Flat Coated Retriever Dog Breed – thepetsclinic dogypedia

The Flat Coated Retriever dog breed from England was developed in the 19th century with the purpose of retrieving fowl and other game, particularly from water, but they are just as good on land too. While their hunting instincts made them excellent gundogs and retrievers, their loving and playful nature and lack of aggression made them a favorite house pet as well.


The origin of this breed is thought to involve a now-extinct American breed called St. John water dog that was imported into England at that time, as well as Newfoundlands that were brought to the country by Canadian sailors. They have certain other characteristics such as high sensitivity to scent and trainability, which are attributed to setters and collies respectively. The first specimens of this breed began to be noticed around mid 19th century, but the breed standard was finally established much later.

The use of guns for hunting meant that prey could be shot down from a distance, but the retrieval of the animals, particularly birds, required dogs that were equally good on land and water. The cod fisheries also needed dogs that could bring back fish to their boats. Several dogs that were good swimmers, and had the ability to retrieve, were tried and crossbred, adding some setters to the fray to increase their sense of scent. The wavy-coated retriever breed that evolved became highly popular with the hunters in the U.S. as well as in England.

Thinking that a straighter coat would repel water better, the Wavy Coated Retrievers were bred with straight coated breeds until the Flat Coated Retrievers evolved. In 1915, this breed got the official recognition of AKC.

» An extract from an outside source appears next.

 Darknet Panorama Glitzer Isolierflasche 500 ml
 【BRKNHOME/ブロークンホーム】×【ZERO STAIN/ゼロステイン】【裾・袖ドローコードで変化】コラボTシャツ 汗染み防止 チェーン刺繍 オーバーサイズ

The Flat-Coated Retriever dog breed has an athletic appearance with its streamlined body. The dogs measure up to 2 feet at the withers and weigh 70-75 pounds, but the females are slightly smaller and lighter. The ears are folded, lying flat against the face and the feathery tail is medium long. The Flat Coated Retrievers have single coat that typically comes in either black or liver.


High on energy levels and full of playfulness, these dogs are aptly called the “Peter Pan” among the retrievers as they practically never grow out of their boisterous puppyhood. They have the hunting blood in them, and enjoy nothing more than a good hunt; yet, they are never aggressive with the people around them, or even with strangers. This makes them ideal family dogs, even in households with children.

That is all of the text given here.